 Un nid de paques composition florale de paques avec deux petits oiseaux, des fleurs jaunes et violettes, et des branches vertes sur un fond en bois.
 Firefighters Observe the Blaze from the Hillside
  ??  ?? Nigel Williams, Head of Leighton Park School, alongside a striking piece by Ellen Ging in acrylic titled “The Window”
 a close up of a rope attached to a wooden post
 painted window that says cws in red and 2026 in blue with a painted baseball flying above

■ ■ ■ ■ ■ ■ ■

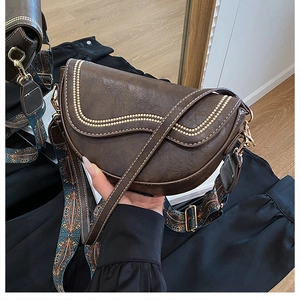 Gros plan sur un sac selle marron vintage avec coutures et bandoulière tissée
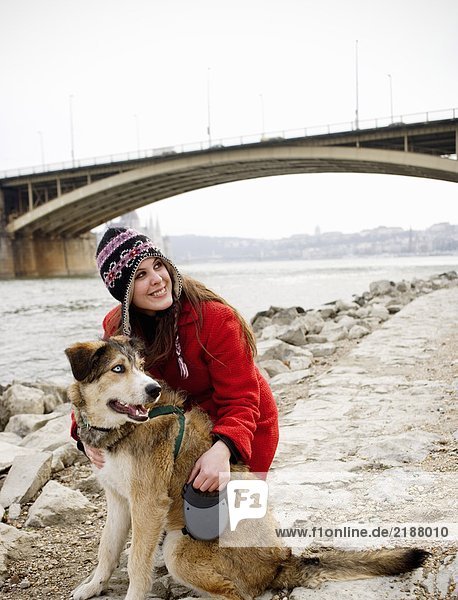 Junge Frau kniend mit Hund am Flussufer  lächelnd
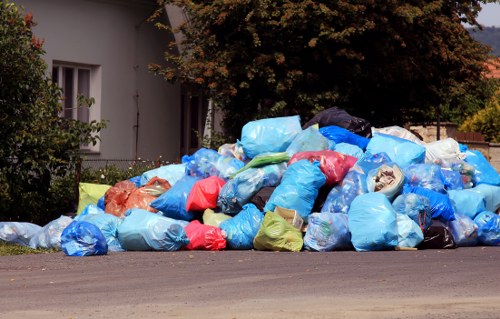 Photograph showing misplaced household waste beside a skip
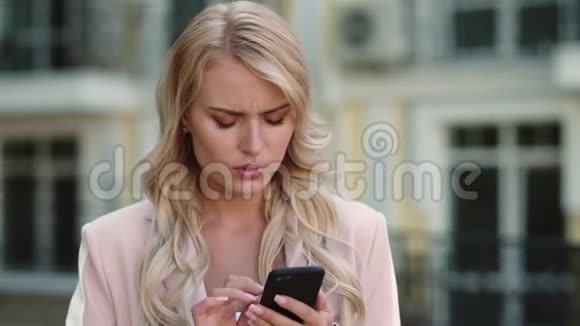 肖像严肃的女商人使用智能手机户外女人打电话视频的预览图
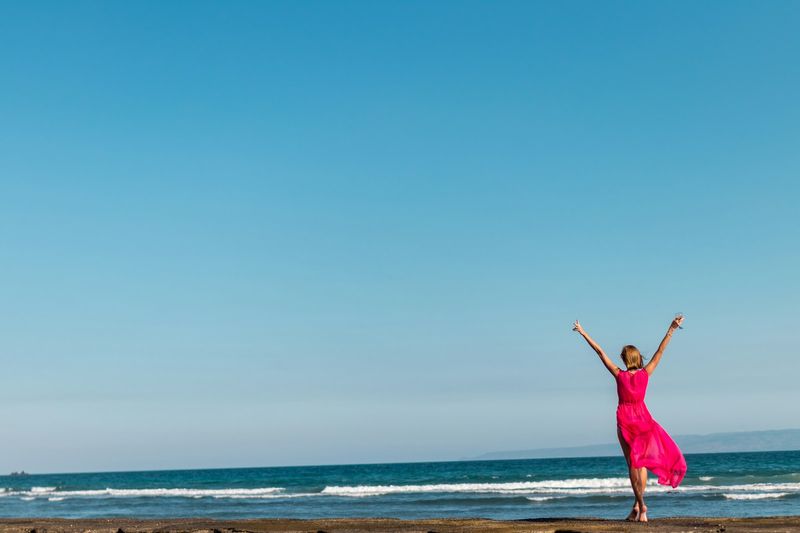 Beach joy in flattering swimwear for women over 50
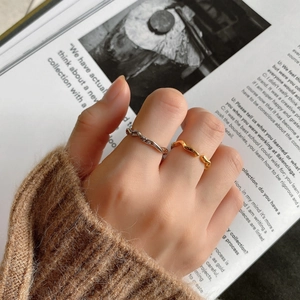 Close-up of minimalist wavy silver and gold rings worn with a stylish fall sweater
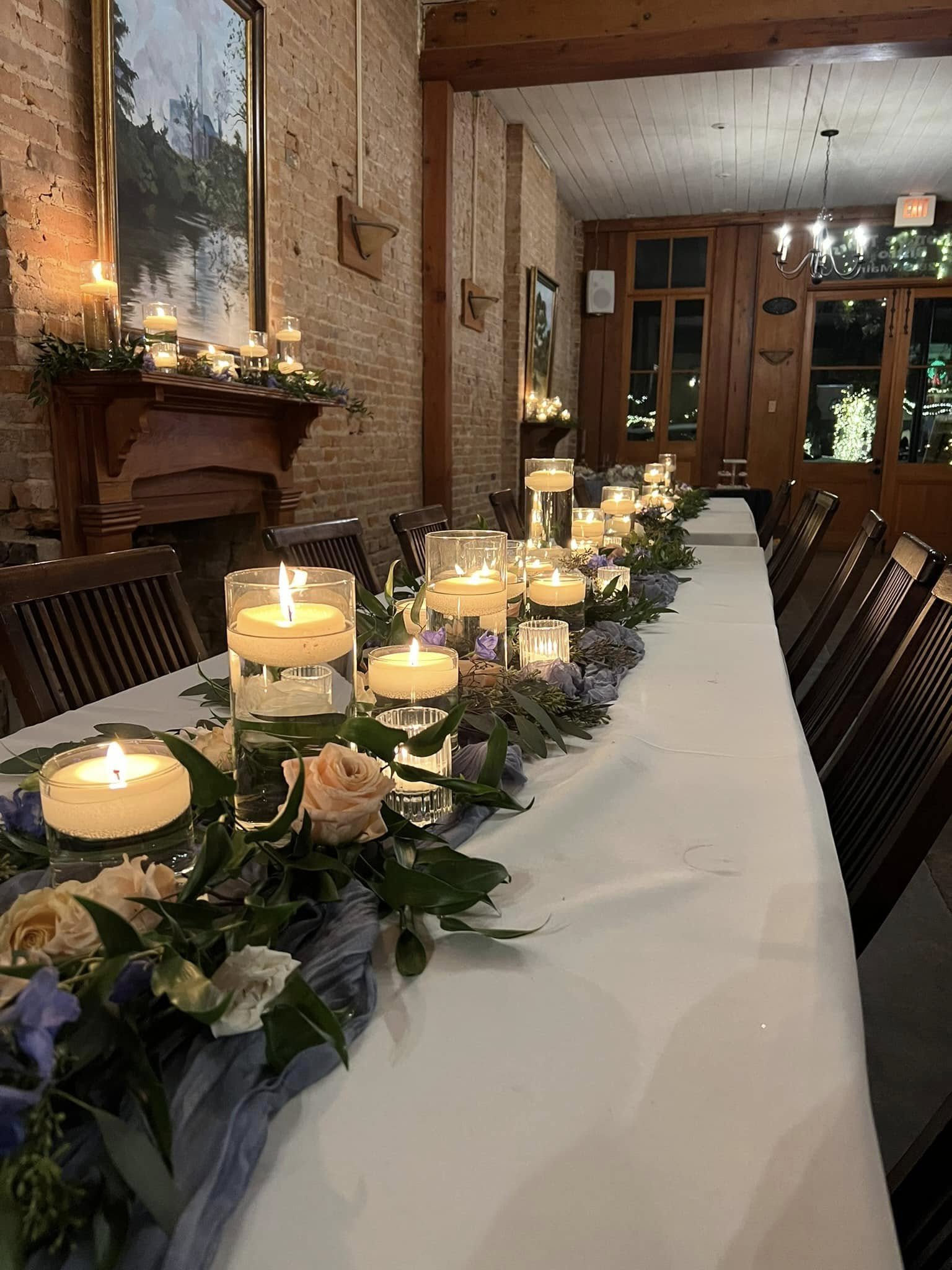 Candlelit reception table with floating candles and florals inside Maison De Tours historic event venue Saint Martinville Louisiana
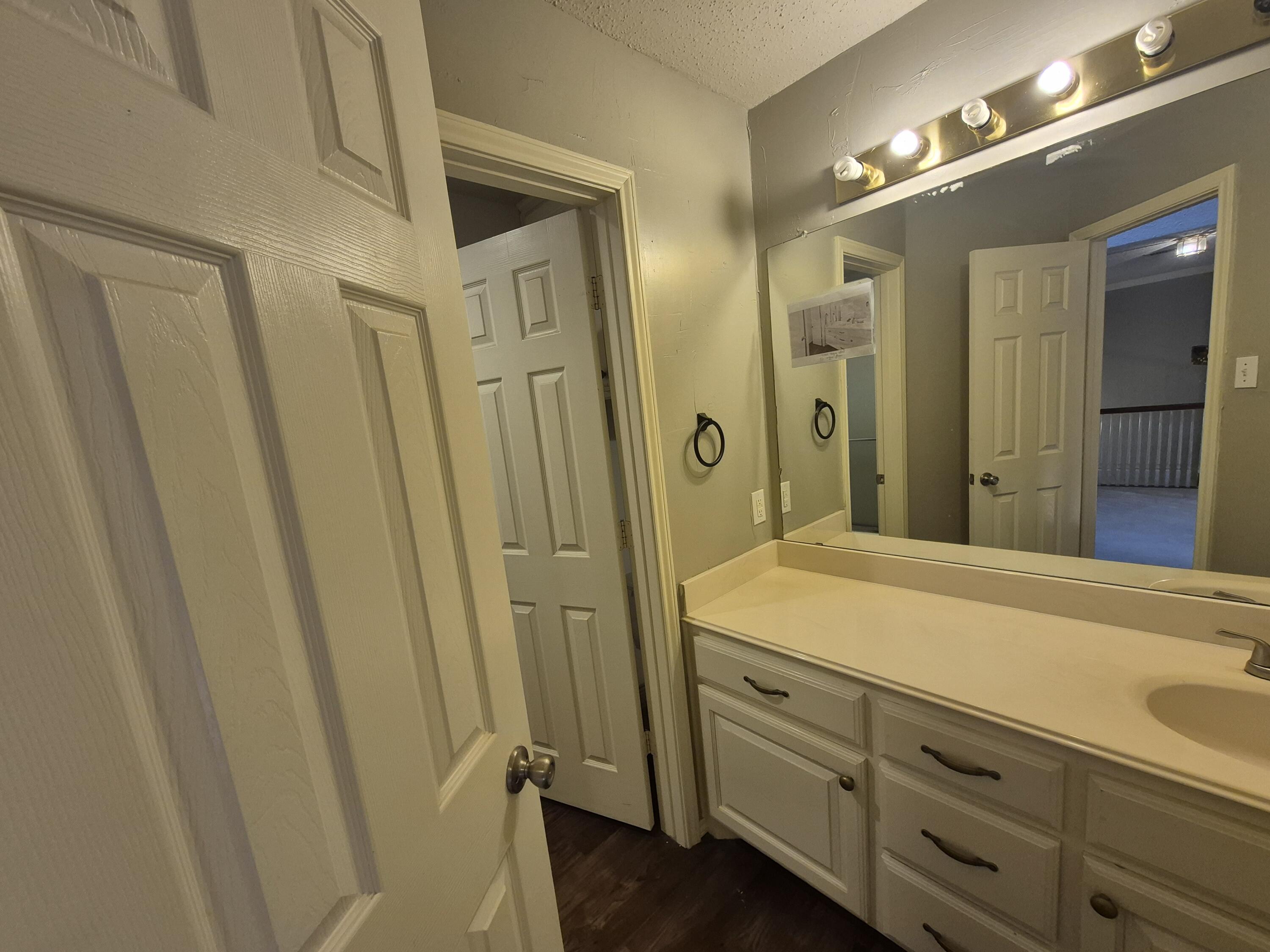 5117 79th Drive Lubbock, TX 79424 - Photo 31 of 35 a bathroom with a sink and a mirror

■ ■ ■ ■ ■ ■ ■

> [Your task]
In the material above, find the line containing "a close up of" and the line containing "painted window that", then write out exactly those two lines and every line between them, and nothing more.

> [Answer]
 a close up of a rope attached to a wooden post
 painted window that says cws in red and 2026 in blue with a painted baseball flying above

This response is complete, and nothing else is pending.